Não deixando de aqui registar o escândalo que agitou o fim de
semana, não será sobre ele que faremos crónica. Não iremos
botar opinião sobre a deontologia que levou uma jornalista a
sacar, de uma conversa íntima mas suficientemente pública, a
escandaleira das frases apanhadas. E sobre as frases de Sousa
Franco, há, afinal, muito pouco a dizer. A não ser que, neste
século e tal de política à portuguesa, talvez tenha havido
pior Governo do que este. O que não é desculpa para o
engenheiro Guterres. Não temos nada a ver com a desilusão que
«o António» terá provocado no espírito do ex-ministro das
Finanças. E, embora concordemos com ele quanto à sua previsão
de que «isto vai acabar mal», não nos parece muito
interessante saber se, com ele, Franco, no Governo, iria acabar
melhor.
A coisa em si - as amarguras de Sousa Franco e as serôdias
críticas que produziu na intimidade pública de um restaurante -
não acrescenta nada à política que por aí vai. E a política
que por aí vai diz-nos certamente respeito. Cai sobre nós. Nem
precisamos de presidentes viajantes para sabermos que males
alastram no País.
Há discursos, porém, que importa reter. Não aqueles, solenes e
pedantes, a tresandar a Vangelis e a promessas, não as
declarações de reiterado diálogo. Há palavras que pesam, como
em outros casos os silêncios ou as tortuosas declarações
valem.

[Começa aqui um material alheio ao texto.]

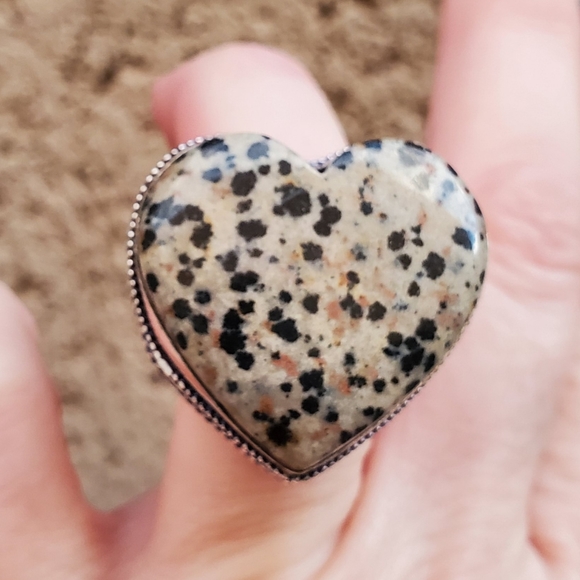 New Oversized Heart Shaped Dalmatian Jasper 925 Silver Statement Ring. - Picture 9 of 11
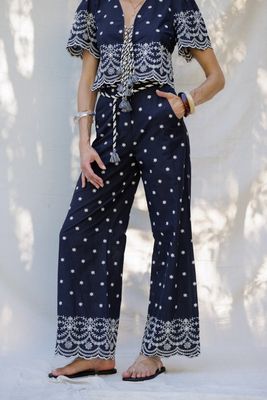 TRAVEL MORE ROPE BELT EYELET PANT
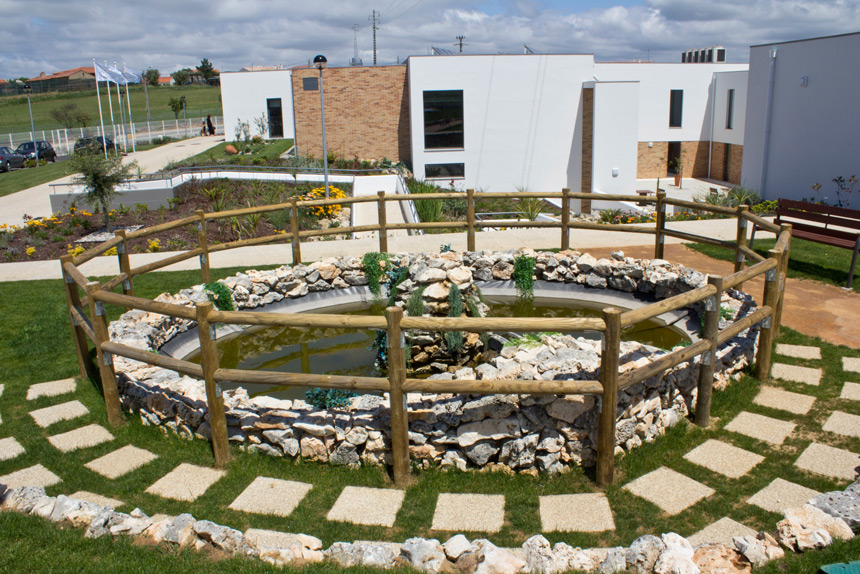 Fachada e jardins da residência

Sobretudo quando o descaramento dos membros do Governo de
Guterres costuma ir mais no sentido de nos dar gato por lebre,
uma palavrinha sincera vale mais do que um palavroso discurso.
Disse-a a ministra da Saúde. Uma frase só, que vale mais do que
todo o seu programa porque é mais verdadeira e mostra como tudo
se conjuga para afinal dar razão a Sousa Franco, embora talvez
eles não estejam de acordo sobre os termos. A ministra afirmou,
publicamente e sem intimidade nenhuma, que «este Serviço
Nacional de Saúde», com a despesa que dá, ainda vai acabar.
Uma pequena frase, ao jeito severo da nova ministra. Que diz mais
do que as tergiversantes declarações de outros ministros cuja
acção vai no sentido de privatizar tudo o que, no Estado,
significa serviço à sociedade. A acção deste Governo, que
persiste e aprofunda a política de direita, avança no sentido
de libertar o Estado das suas peias sociais, de o descarnar até
ao osso, de o transformar rapidamente naquilo que é a sua
essência - um aparelho ao serviço dos interesses do capital.